Il s'en faut de peu de parler d'eux au passé,
Étant acculés par devant et par derrière
Dans un territoire de plus en plus confiné.
« Certes, dit l'Ours, si notre rareté nous sauve,
Nous restons passibles d'être éliminés.
Tenez, il suffit que je me comporte en fauve
- C'est bien ce que je suis car telle est ma nature -
Et qu'à cet effet, je fasse d'un mouton ma proie,
L'on aura tôt fait de me disputer mon droit.
La tolérance dont je jouis n'est qu'une devanture
Et la réserve qu'on m'octroie n'est jamais qu'un zoo
Où je dois faire le gentil nounours et le beau. »
Le Bouquetin acquiesça ces mots et ajouta :
« Serons-nous de ces maux jamais tirés d'affaire ?
Nous voyons se rétrécir notre habitat
Où la vile engeance des braconniers prolifère.
L'on nous chasse, non pour la viande, mais pour les trophées
Dont se veut pavoiser la maison roturière,
Se pensant de la sorte quelque peu s'étoffer.

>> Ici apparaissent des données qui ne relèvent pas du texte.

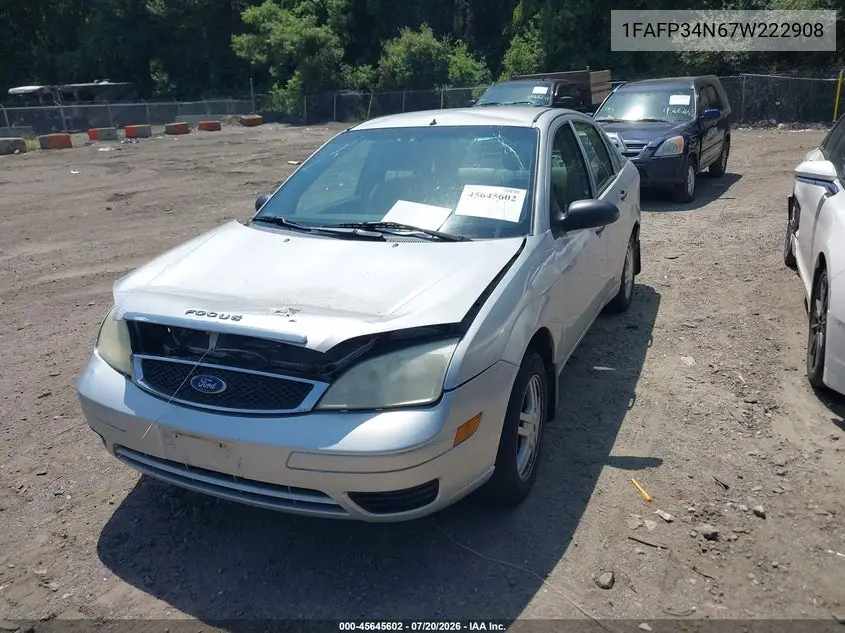 2007 Ford Focus S/Se/Ses VIN: 1FAFP34N67W222908 Lot: 45645602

La vanité des hommes est souvent meurtrière
Et leur histoire n'en dresse que la longue litanie.
Combien d'exploits héroïques et de grandes conquêtes
Furent à vrai dire inspirés par l'égomanie ?
Tu es, à côté, un bien piètre prédateur ;
Nul animal, jamais, ne se comporte en bête,
Pas plus qu'il n'est d'une cruauté l'instigateur. »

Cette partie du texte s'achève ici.